# WORK TO BE COMPLETED
Reproduce the whole listing word for word. Leave every image out.

# PROVIDED DATA
↓

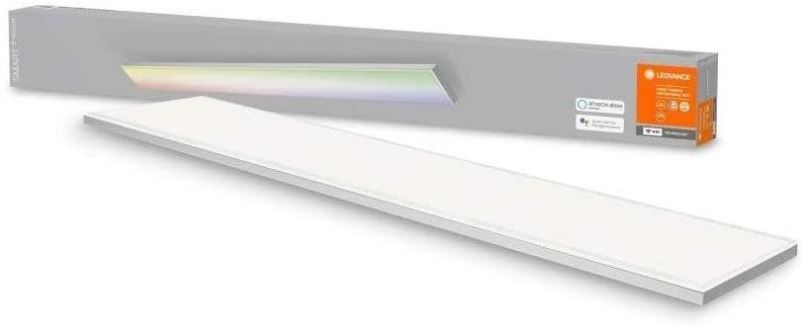 Stropní světlo Ledvance - LED RGB+TW Stmívatelné svítidlo SMART+ FRAMELESS LED/35W/230V 3000K-6500K Wi-Fi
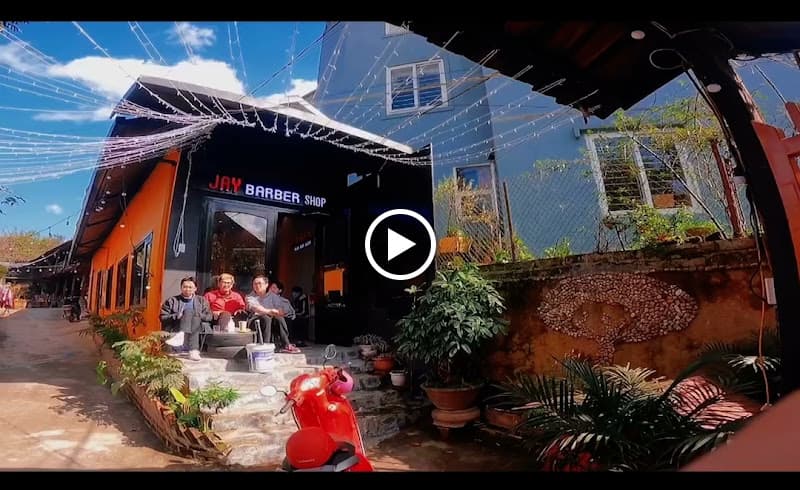 Hình ảnh Jay Barber Shop & Massage Bed (남성 이발소) - 4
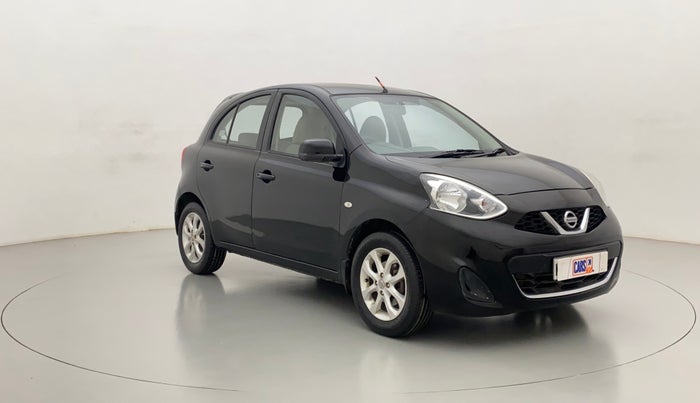 2013 Nissan Micra XV CVT, Petrol, Automatic, 60,867 km, Right Front Diagonal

↑

# ANSWER FOR THIS EXERCISE
 Stropní světlo Ledvance - LED RGB+TW Stmívatelné svítidlo SMART+ FRAMELESS LED/35W/230V 3000K-6500K Wi-Fi
 Hình ảnh Jay Barber Shop & Massage Bed (남성 이발소) - 4
 2013 Nissan Micra XV CVT, Petrol, Automatic, 60,867 km, Right Front Diagonal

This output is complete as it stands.